Regular Season, Week 1

I want to thank everyone who offered a word of encouragement and prayer for me after my last post. I'm very grateful for you all.

It seems like such a long time since last week, as I have played three major concerts, one worship concert, CHOPs, four chapels, one session of "jazz on the beach," and in one recital concert since last Saturday. But more than that, I'm feeling very different than I did last week when I wrote. God showed some amazing faithfulness and gave me an extra measure of grace this week--so much, in fact, that I hardly know where to begin.

Last Saturday, we had our first concert. Although I spent a good amount of time practicing for it, I wasn't really sure of myself. I thought I would be scared, nervous, and shaking the entire time. But I wasn't. I felt relaxed and determined to nail every last rhythm, note and fill. Before one tune I remember sitting at my kit and literally staring at my hands, wondering why they weren't shaking.
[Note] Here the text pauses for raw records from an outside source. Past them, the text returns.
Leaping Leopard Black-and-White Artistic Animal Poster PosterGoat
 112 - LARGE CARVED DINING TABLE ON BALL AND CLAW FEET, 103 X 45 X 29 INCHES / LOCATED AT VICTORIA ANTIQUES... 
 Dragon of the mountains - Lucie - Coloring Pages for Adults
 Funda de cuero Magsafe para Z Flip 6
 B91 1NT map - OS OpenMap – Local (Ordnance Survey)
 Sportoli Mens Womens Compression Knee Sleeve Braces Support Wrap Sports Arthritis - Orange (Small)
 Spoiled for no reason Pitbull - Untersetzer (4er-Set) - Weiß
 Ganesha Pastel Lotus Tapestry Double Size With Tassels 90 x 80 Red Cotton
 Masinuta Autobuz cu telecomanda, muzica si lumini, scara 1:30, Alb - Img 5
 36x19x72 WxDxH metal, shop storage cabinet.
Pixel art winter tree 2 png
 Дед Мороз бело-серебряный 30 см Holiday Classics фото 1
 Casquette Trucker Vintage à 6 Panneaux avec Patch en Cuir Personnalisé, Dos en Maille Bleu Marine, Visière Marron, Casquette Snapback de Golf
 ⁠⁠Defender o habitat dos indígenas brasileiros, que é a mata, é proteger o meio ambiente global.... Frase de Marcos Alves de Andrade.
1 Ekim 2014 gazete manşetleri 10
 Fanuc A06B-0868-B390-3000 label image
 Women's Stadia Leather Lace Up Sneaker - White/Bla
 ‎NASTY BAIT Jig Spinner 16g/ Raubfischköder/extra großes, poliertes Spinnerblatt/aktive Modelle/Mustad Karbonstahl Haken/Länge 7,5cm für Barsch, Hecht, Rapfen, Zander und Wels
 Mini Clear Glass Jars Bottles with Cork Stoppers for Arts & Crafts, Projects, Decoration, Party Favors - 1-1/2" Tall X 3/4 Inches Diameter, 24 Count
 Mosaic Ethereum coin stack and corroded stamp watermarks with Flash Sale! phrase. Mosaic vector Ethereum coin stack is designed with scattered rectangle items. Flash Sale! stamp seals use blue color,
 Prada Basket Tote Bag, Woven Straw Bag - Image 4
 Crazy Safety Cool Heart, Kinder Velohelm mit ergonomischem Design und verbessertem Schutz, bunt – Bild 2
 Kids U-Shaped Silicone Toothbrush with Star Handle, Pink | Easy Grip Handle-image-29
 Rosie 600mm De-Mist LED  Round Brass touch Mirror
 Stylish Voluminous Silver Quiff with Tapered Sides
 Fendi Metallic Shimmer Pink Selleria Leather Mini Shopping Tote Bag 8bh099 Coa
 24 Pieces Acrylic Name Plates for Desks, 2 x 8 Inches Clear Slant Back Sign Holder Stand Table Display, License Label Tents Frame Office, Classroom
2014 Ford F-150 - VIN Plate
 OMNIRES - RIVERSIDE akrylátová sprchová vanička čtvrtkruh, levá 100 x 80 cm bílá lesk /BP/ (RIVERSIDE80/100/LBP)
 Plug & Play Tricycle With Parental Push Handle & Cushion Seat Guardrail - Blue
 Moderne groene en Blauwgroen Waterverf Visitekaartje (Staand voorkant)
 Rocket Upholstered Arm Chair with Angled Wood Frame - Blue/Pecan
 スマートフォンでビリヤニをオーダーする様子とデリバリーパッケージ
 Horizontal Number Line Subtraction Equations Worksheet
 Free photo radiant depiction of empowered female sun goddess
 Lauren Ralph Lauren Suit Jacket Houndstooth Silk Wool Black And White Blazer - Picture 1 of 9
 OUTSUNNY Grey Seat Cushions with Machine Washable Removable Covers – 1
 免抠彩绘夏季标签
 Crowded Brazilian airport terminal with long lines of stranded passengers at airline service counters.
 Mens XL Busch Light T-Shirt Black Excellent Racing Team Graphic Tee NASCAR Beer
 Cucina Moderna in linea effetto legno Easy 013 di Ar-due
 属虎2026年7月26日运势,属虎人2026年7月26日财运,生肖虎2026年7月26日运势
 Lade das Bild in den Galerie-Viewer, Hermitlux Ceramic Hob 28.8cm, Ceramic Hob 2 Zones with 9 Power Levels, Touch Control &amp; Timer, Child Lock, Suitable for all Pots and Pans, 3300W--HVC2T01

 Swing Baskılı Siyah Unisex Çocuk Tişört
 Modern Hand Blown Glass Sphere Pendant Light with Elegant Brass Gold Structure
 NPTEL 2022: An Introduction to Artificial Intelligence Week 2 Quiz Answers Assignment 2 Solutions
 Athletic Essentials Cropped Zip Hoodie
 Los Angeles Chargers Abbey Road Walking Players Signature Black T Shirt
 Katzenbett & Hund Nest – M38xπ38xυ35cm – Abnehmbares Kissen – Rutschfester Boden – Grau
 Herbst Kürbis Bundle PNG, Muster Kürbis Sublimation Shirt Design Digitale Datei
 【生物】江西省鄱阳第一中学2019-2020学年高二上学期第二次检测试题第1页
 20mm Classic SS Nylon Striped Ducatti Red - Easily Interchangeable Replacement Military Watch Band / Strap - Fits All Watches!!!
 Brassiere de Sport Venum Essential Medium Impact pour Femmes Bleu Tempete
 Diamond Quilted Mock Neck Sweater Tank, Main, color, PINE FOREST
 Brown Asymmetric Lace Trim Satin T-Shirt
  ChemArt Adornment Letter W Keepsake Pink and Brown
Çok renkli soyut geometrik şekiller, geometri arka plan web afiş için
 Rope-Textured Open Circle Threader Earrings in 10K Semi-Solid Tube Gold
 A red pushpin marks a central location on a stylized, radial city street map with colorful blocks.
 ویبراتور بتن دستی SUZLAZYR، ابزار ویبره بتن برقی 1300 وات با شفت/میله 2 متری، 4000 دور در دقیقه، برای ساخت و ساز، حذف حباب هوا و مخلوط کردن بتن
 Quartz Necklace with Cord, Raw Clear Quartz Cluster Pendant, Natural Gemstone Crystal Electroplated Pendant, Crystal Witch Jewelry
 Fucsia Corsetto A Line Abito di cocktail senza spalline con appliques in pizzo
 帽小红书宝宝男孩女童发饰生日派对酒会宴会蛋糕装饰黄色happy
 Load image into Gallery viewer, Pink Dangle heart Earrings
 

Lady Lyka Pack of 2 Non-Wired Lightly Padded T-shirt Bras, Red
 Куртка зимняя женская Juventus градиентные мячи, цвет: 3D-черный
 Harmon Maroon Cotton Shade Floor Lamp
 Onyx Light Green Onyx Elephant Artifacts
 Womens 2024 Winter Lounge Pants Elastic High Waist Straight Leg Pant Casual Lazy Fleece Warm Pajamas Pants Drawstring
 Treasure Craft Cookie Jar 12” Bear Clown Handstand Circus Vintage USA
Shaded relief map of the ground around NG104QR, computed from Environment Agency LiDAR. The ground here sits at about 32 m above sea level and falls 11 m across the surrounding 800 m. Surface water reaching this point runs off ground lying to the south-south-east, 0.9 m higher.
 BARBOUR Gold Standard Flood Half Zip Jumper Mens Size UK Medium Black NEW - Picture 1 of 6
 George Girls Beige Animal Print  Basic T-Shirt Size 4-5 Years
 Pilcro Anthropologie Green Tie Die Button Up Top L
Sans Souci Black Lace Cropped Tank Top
The concert went by in a blur, but somehow during that hour and a half I found myself actually having fun and enjoying the music.

Since then I have felt much better in rehearsals. I feel more comfortable around the other music staff people as I have come to know them better, and found some really amazing people in this group. I have also received some very meaningful encouragement from Dr. John, the director, as well as several other music staff people regarding my playing. I'm beginning to relax and realize that I actually know what I'm doing and can be an asset to this staff of musicians.

Last Thursday night, we had our weekly recital concert where music staff members play solos, duets, small ensemble pieces (we had a string quintet and a brass quintet play). And of course, every recital concert ends with an offering from the jazz combo. I was sitting back during the recital listening to this incredible music being played by some of the most talented musicians I have been around and thinking, "Wow. I'm getting paid for this." Then it was my turn to play with the jazz combo, and we did a fun rendition of a Thelonious Monk tune called “Well, You Needn’t.” I actually felt like I belonged on the stage. It was a good time.

On Friday, we had our first impromptu "jazz on the beach" session. This is where the jazz combo sets up on a beautiful stone patio that overlooks the beach and call out tunes to play for an hour. Of course, I don't know as many tunes some of these players, I have found that God again has been preparing me for I need to do. I have my trusty Real Book, and through the hours and hours of playing piano, guitar, bass, and my good ol' sightsinging/eartraining classes, I have found myself being able to look over tunes quickly and hear a rough version in my head before I play. I'm really excited for this part of my week, as I will be learning a huge repertoire of jazz tunes.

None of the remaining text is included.